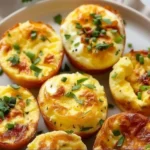 cottage cheese egg bites 2026 05 15 013234 1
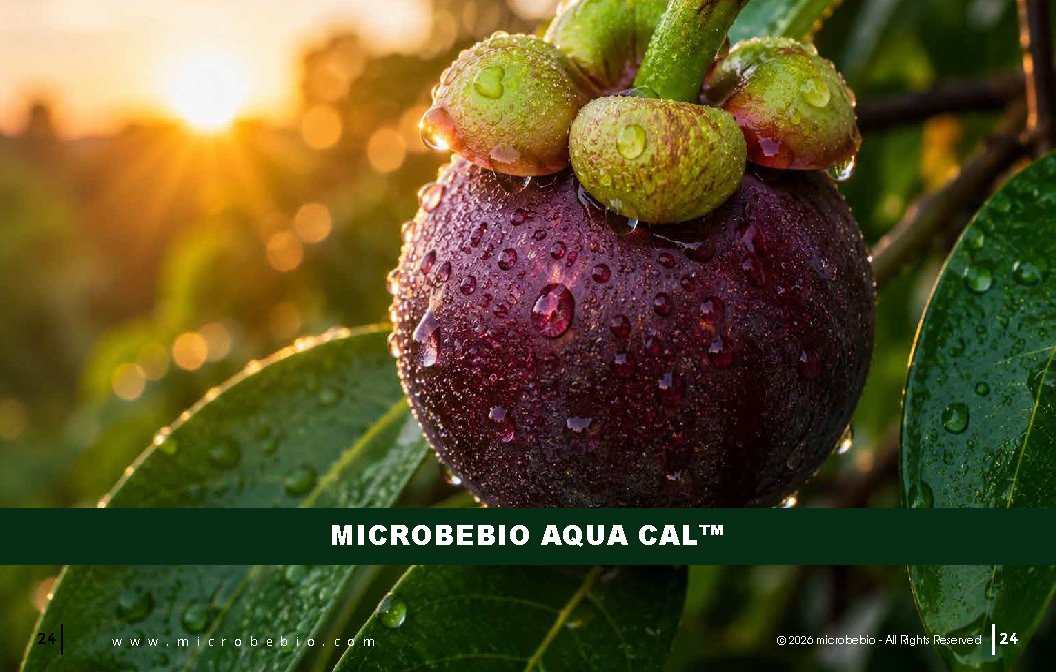Microbebio - Integrated Crop Enhancement System_Page_24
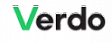 VERDO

----------

--- Task item ---
Write out the whole of the data exactly; the pictures stay out.

--- Result below ---
 cottage cheese egg bites 2026 05 15 013234 1
Microbebio - Integrated Crop Enhancement System_Page_24
 VERDO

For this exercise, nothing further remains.